Task goal:
Retyping each entry exactly is the whole task.

Data records: Begin

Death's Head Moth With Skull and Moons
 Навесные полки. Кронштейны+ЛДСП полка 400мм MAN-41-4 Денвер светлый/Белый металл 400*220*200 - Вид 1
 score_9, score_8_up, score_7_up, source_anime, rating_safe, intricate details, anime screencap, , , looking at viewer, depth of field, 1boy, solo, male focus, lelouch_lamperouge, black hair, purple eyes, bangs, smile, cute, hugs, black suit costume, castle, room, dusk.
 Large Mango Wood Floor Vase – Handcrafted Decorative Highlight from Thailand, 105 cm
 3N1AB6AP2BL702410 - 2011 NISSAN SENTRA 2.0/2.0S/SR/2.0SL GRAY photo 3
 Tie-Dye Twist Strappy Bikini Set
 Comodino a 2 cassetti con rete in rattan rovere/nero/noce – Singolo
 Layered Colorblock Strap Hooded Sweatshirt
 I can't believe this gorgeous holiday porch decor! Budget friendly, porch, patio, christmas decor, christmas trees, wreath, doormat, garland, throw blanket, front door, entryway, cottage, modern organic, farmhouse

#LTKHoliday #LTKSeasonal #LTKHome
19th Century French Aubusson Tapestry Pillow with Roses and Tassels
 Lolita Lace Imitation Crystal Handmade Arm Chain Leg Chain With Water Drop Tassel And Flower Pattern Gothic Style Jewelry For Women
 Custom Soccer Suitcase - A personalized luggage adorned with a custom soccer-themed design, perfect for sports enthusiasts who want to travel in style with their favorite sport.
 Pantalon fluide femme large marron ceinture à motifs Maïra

Data records: End

Exercise solution:
Death's Head Moth With Skull and Moons
 Навесные полки. Кронштейны+ЛДСП полка 400мм MAN-41-4 Денвер светлый/Белый металл 400*220*200 - Вид 1
 score_9, score_8_up, score_7_up, source_anime, rating_safe, intricate details, anime screencap, , , looking at viewer, depth of field, 1boy, solo, male focus, lelouch_lamperouge, black hair, purple eyes, bangs, smile, cute, hugs, black suit costume, castle, room, dusk.
 Large Mango Wood Floor Vase – Handcrafted Decorative Highlight from Thailand, 105 cm
 3N1AB6AP2BL702410 - 2011 NISSAN SENTRA 2.0/2.0S/SR/2.0SL GRAY photo 3
 Tie-Dye Twist Strappy Bikini Set
 Comodino a 2 cassetti con rete in rattan rovere/nero/noce – Singolo
 Layered Colorblock Strap Hooded Sweatshirt
 I can't believe this gorgeous holiday porch decor! Budget friendly, porch, patio, christmas decor, christmas trees, wreath, doormat, garland, throw blanket, front door, entryway, cottage, modern organic, farmhouse

#LTKHoliday #LTKSeasonal #LTKHome
19th Century French Aubusson Tapestry Pillow with Roses and Tassels
 Lolita Lace Imitation Crystal Handmade Arm Chain Leg Chain With Water Drop Tassel And Flower Pattern Gothic Style Jewelry For Women
 Custom Soccer Suitcase - A personalized luggage adorned with a custom soccer-themed design, perfect for sports enthusiasts who want to travel in style with their favorite sport.
 Pantalon fluide femme large marron ceinture à motifs Maïra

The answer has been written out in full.